Prior to the California Gold Rush of 1848 anthropologists agree that the first inhabitants of Pinecrest were the early bands of native ME- Wuk. History shows that the area which is now Pinecrest was used by the Me-Wuk as a trading ground. Scattered throughout the forest you can still find evidence of ancient grinding rocks used by the Me-Wuk in areas assumed to be their campsites.
As the Gold Rush began the Me-Wuk were treated with racism, violent displacement, and broken treaties by the early settlers; leading to the diminishing numbers of Me-Wuk. Over time miners and settlers began searching for new opportunities. Soon, logging became a major industry in the area. With logging came the development of many foothill towns. Water was vital to the survival of these towns. Many lakes, such as Pinecrest were developed in order to sell and provide water to the foothill towns.

The U.S. Forest Service's Summit Ranger District station, of the Stanislaus National Forest, is a mile from Pinecrest Lake. Pinecrest has a post office with ZIP code 95364. The post office was established in 1917 and briefly closed from 1921 to 1923.

==Geography==
Pinecrest is located in the central Sierra Nevada mountain range at an elevation of 5679 feet. It lies 77 miles east of Modesto, (the nearest metro hub), and 165 miles east of San Francisco. Being in the Sierra Nevada, Pinecrest is located on a mountainous terrain filled with evergreens. Nearby, is the Dodge Ridge Ski Resort which brings in many people from all over Northern California during the snow season and Pinecrest Lake.

==Recreation==
Surrounding Pinecrest Lake, there are 300 campsites in Pinecrest Campground and Meadowview Campground. Pinecrest Lake also has various fishing and hiking opportunities with a marked 4 mile trail around the lake. In total, Pinecrest is recorded to have 25,000 visitors in each year during the Summer.

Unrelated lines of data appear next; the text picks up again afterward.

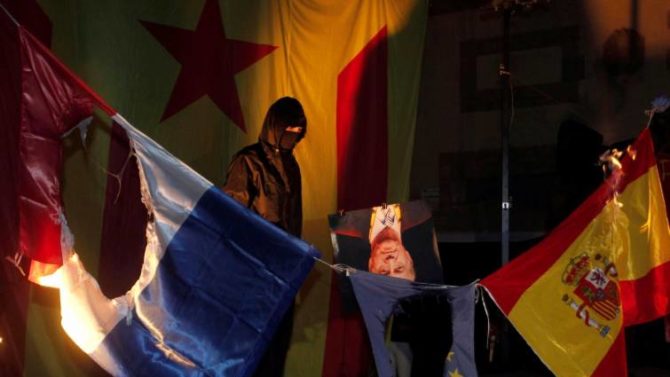 Miembros de la organización Arran, vinculada a la CUP, queman la bandera de España, Francia y la UE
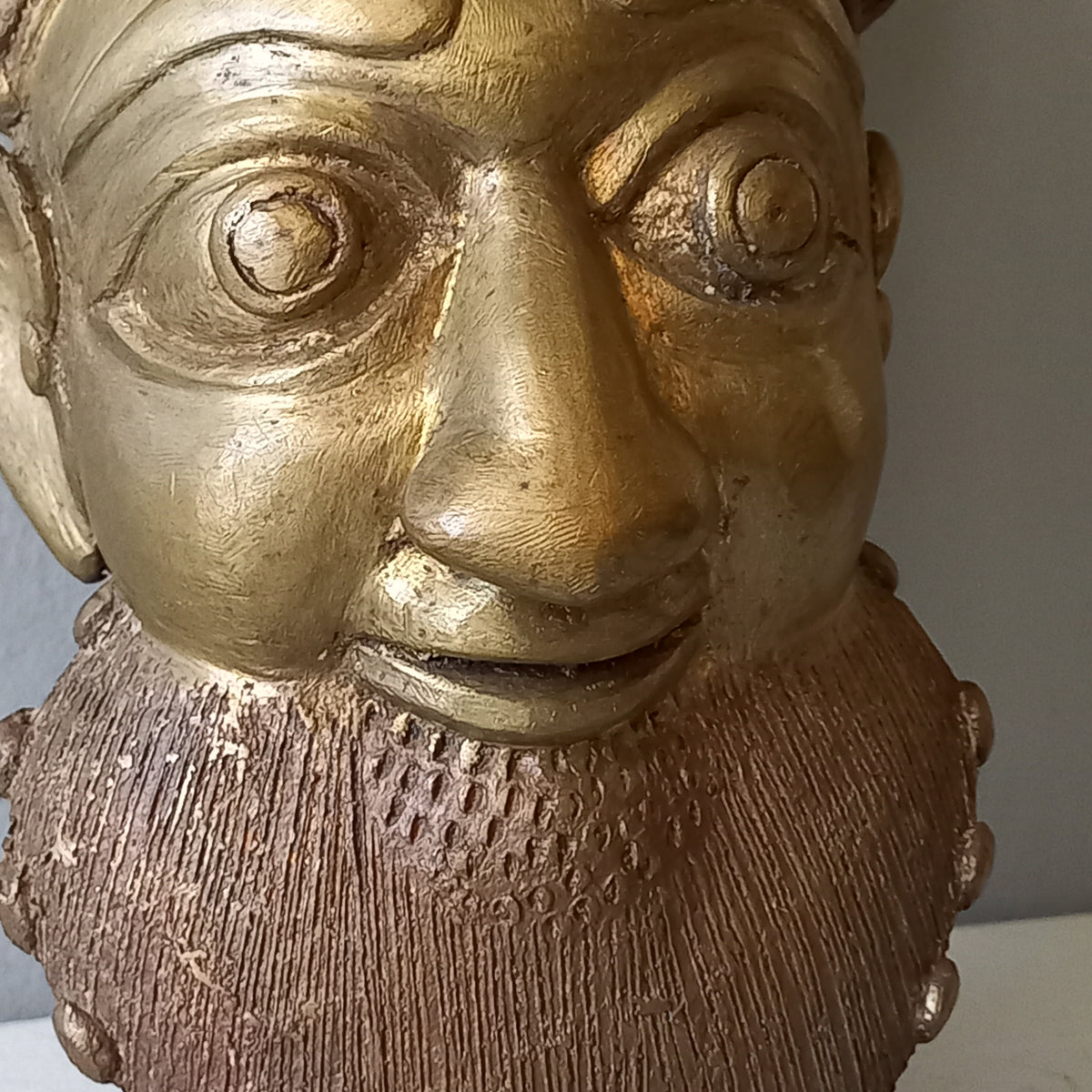 An interesting little vintage tribal mask I purchased in France. It's a heavy, quality piece made from a brass-coated metal and would look great in an ethic mask collection or as a stand alone piece of wall decor.
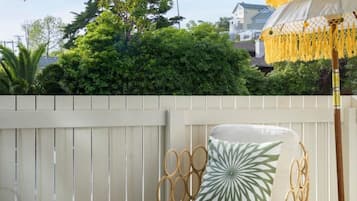 A patio with a white chair, a round wooden table, and a yellow umbrella.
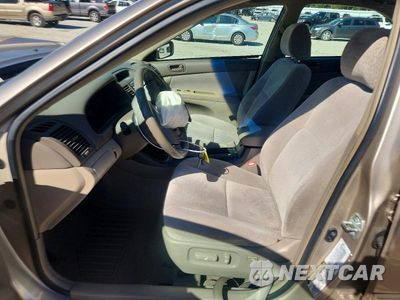 Zdjęcie 7 z 13 samochodu: 2004 TOYOTA CAMRY LE V6 VIN:4T1BF32K44U066570 - miniatura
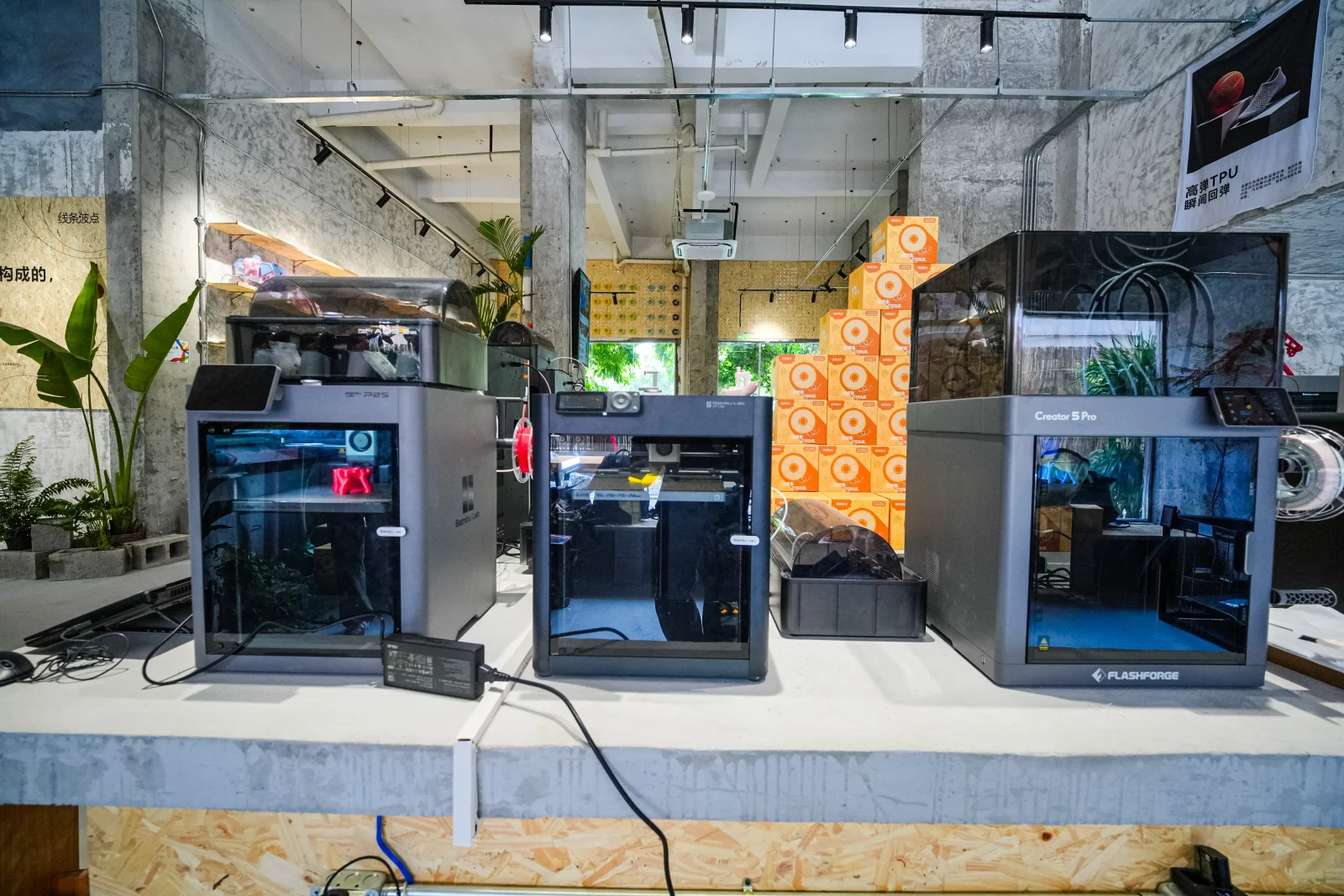 Close-up of printers and colourful printed objects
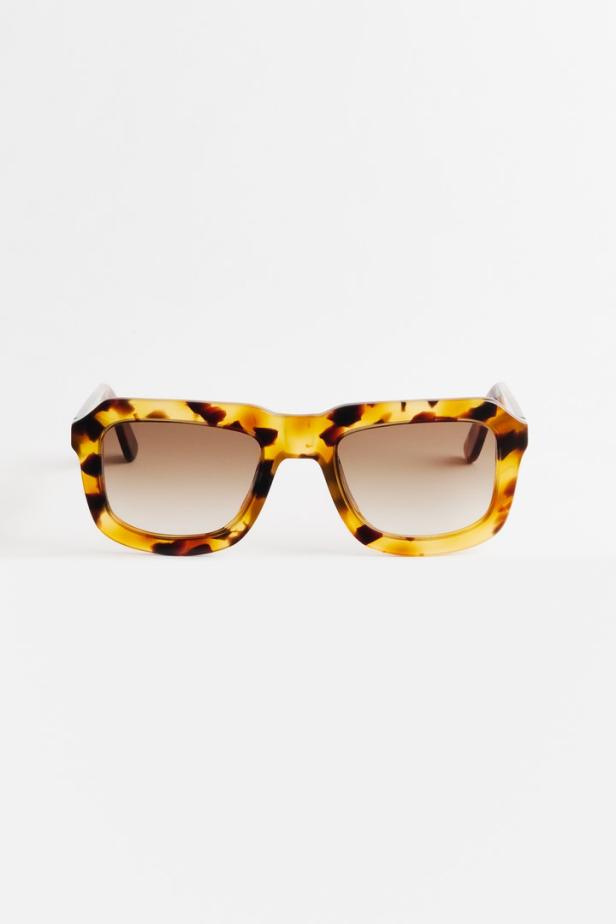 Eine Schildpatt-Sonnenbrille mit braunen Gläsern vor einem weißen Hintergrund.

An outdoor movie theater at Pinecrest Lake shows first-run films during the summer. The theater is operated by Dodge Ridge Mountain Resort which also operates ski runs in the area open to visitors in the Winter and Spring months.

Pinecrest is additionally home to the University of California, Berkeley's alumni camp, the Lair of the Golden Bear, which is the oldest and largest alumni association-run family camp in the world, the Lair of the Golden Bear. The Lair attracts almost 10,000 campers annually. Its attendees are largely Cal alumni and their families, but is available to all visitors if they are in the Cal Alumni Association. The camp which was formed in 1949 is composed of three camps.

==Climate==
Pinecrest has a dry-summer continental climate (Köppen climate classification Dsb) that is characterized by warm, dry summers, with periodic thunderstorms, and cold, extremely snowy winters.